Of the eight or nine remaining portfolio companies, Wing says one or two generally have to be written off as “dogs,” then three or four where the investment is returned, plus a bit more and then the rest simply return the original investment and no more.

To the surprise of the TVP fund managers, given these blighted times for technology companies, the $144.4 capital-raising overshot its target, to create Australia’s largest specialist technology venture capital fund to date.

“We went to the market expecting to raise $125 million, but we had such strong support that we took an oversubscription. We certainly didn’t necessarily go in with that view though, because investors are pretty selective at the moment about who they choose as managers.”

TVP, which is one of Australia’s oldest independent venture capital firms and launched its first fund about six years ago, took six months to raise the capital for its new fund TVP3.

About 70% of the investors in TVP3 came from TVP2, a factor which Wing regards as a landmark development.

“This is significant, because for the first time in Australia, you’ve seen a major follow-through of professional investors saying: ‘We’ve put our toes in the water, but now we’re going to follow through with this.’

“We’ve now raised two purely institutional funds – TVP2 and TVP3 – and that’s definitely a first for Australia.”

A key factor is that all investors in TVP3 are superannuation funds, which are currently awash with cash in Australia and are looking for medium-term investments.

Follow-on investors from TVP2 include the Development Australia Fund, Commonwealth Superannuation Scheme (CSS), Public Sector Superannuation Scheme (PSS), Victorian Funds Management, Stevedoring Employees Retirement Fund (SERF), Australia Post Super and ING Private Capital.

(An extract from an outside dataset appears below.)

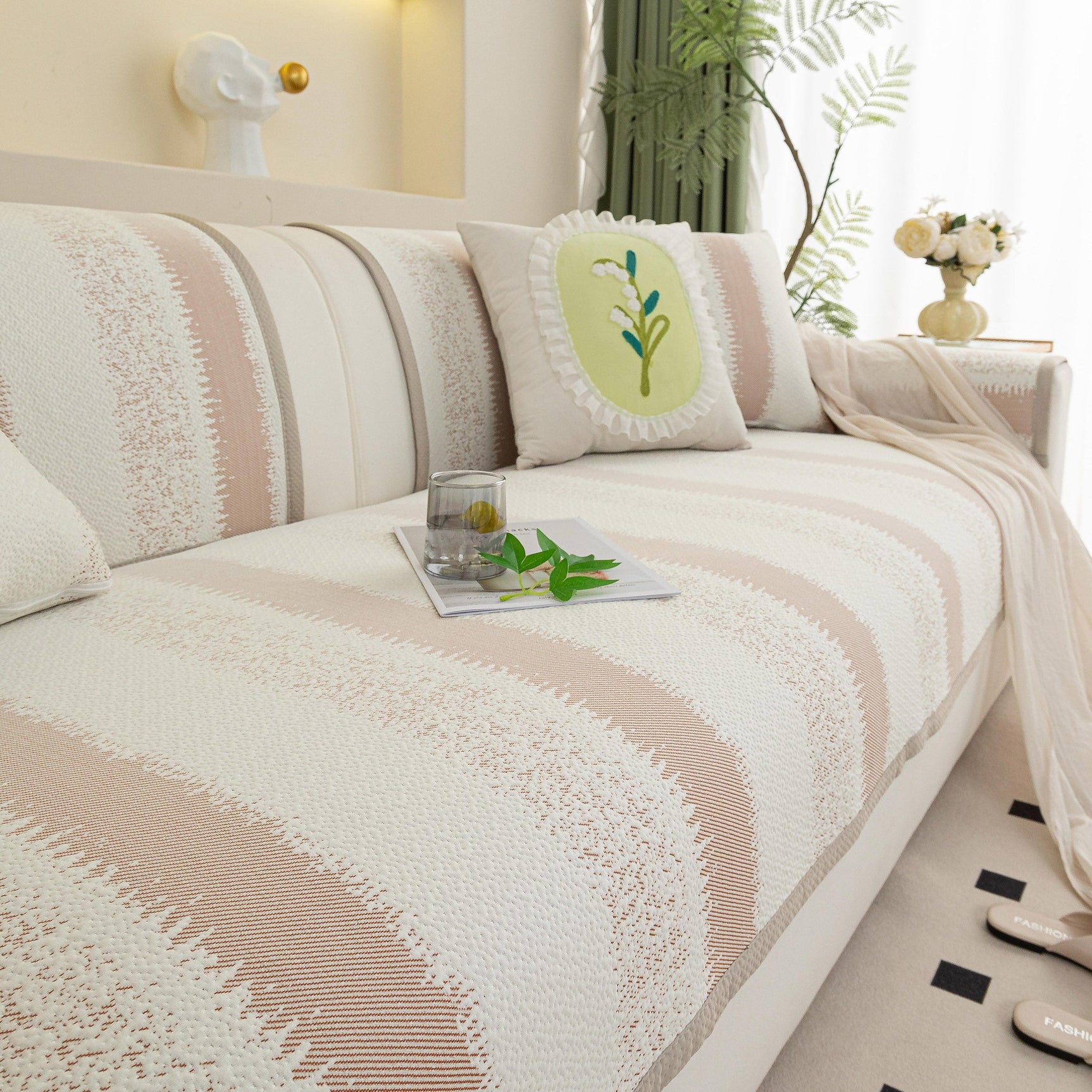 Striped Non-Slip Cooling Couch Cover, Summer Couch Pads for Seat Back Armrest - Ornate Home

New blue-chip investors in TVP3 include BHP Super, Telstra Super, Funds SA, the Macquarie Alternative Investment Trust, Goodman Fielder Super, SunSuper, Quay Partners I Fund and Singapore-based global investor, Temasek Holdings.

“The net inflows into super funds are very positive and they still have a lot of funds coming to them to manage. With that amount of money, they have to put it somewhere,” says Wing.

“Alternative asset classes – for example private equity venture capital – have been a very small proportion of their investment portfolio to date and they’re now increasing that weighting.”
Wing says this trend is global, with super funds overseas also increasing their weighting in this area and the market in Australia maturing in a flow-on effect.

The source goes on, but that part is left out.